1. People who are immune deficient or immunosuppressed due to certain diseases or treatments. Causes of immunodeficiency or immunosuppression may include, but are not limited to, primary or acquired immunodeficiency conditions, such as AIDS or other diseases caused by viral infection; Leukemia, lymphoma, or other malignancies affecting the bone marrow or lymphatic system; Being treated for immunosuppression; Being treated with radiation/chemotherapy for a tumor；
2. Do not use in persons with a history of allergic reaction to any of the components contained in this product；
3. Those who are in the acute stage of acute infection and chronic infection should postpone the vaccination of this product；
4. Premenopausal women who tested positive for pregnancy, pregnant women, breastfeeding women, or those who planned to have a baby within 6 months；
5. If this product and other injectable live attenuated vaccines are not administered at the same time, the interval should be at least 28 days；
6. Treatment with whole blood, plasma, or immunoglobulin is given within 5 months or 3 weeks prior to vaccination；
7. Received another investigational drug within 1 month prior to receiving the investigational vaccine/placebo, or is participating in another clinical trial, or plans to use it during the study；
8. Taking or about to take salicylate drugs, including aspirin and difluorosalicylic acid；
9. Patients with abnormal blood pressure that cannot be controlled by medication (systolic blood pressure ≥160mmHg and/or diastolic blood pressure ≥100mmHg)；
10. Previous vaccinations against chickenpox or shingles (including use of registered products or participation in clinical trials of chickenpox or shingles vaccine)；
11. Any situation that the investigator considers likely to affect the evaluation of the trial。

Study & Design

• Study Type: INTERVENTIONAL
• Study Design: PARALLEL

Arm && Interventions

Group	Intervention	Description
Experimental vaccine：Herpes Zoster Vaccine, Live	Herpes Zoster Vaccine, Live	After reconstitution, 0.5 ml per bottle. The dose per person is 0.5 ml.
Identical to the test vaccine but without the varicella-zoster virus.	Placebo	After redissolving, 0.5 ml per bottle. The dose is 0.5 ml per dose for human and does not contain varicella-zoster live virus.

Primary Outcome Measures

Name	Time	Method
Immunogenicity:	Day 0 and Day 42	seroconversion/seroresponse rate (4-fold increase) at Day 0 and Day 42.

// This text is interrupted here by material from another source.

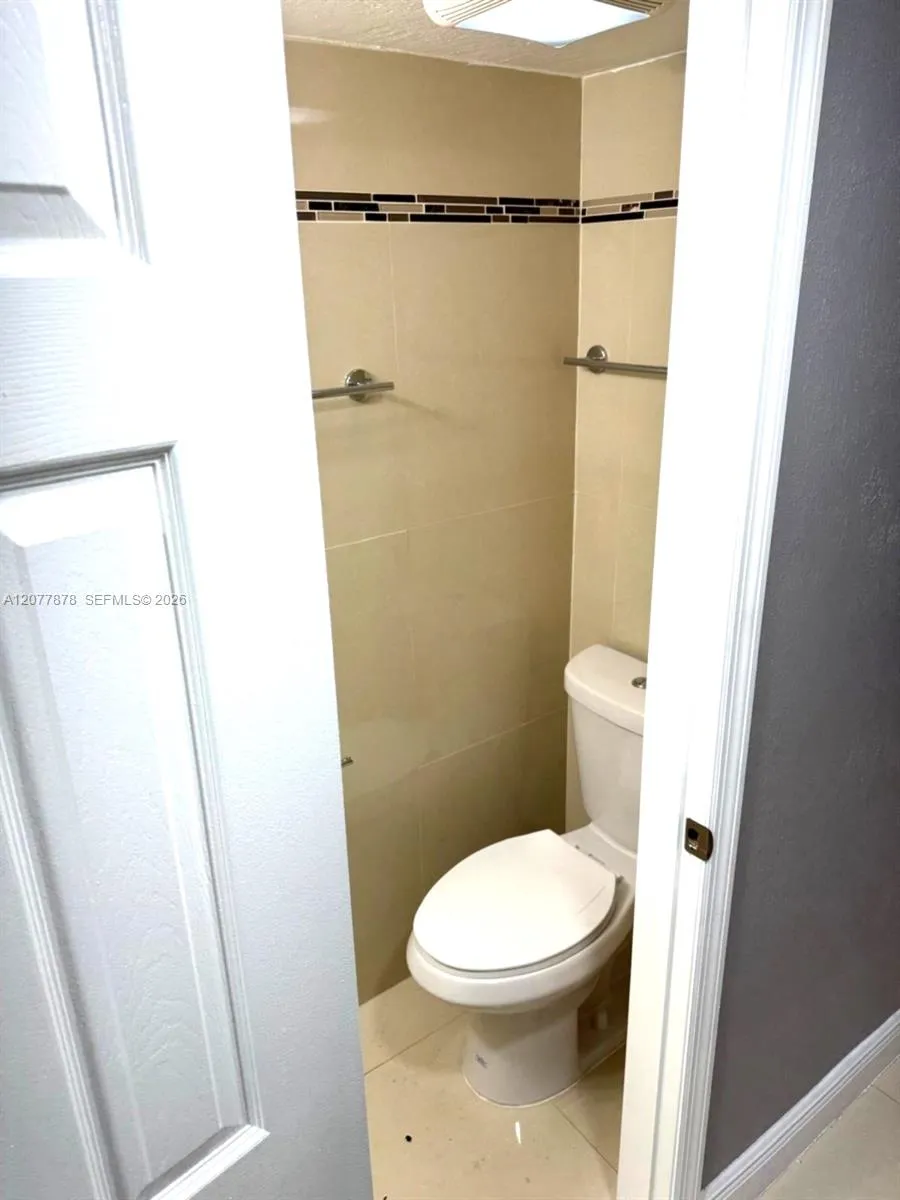 5461 W 24th Ave #25 Hialeah, FL 33016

Secondary Outcome Measures

Name	Time	Method
Adverse Events	42 days	1. Incidence, severity, and causality of solicited local，systemic adverse events within 14 days post-vaccination； 2. The incidence and severity of unsolicited adverse events within 42 days after vaccination and their association with vaccination； 3. Incidence of Serious Adverse events (SAE) within 42 days after vaccination。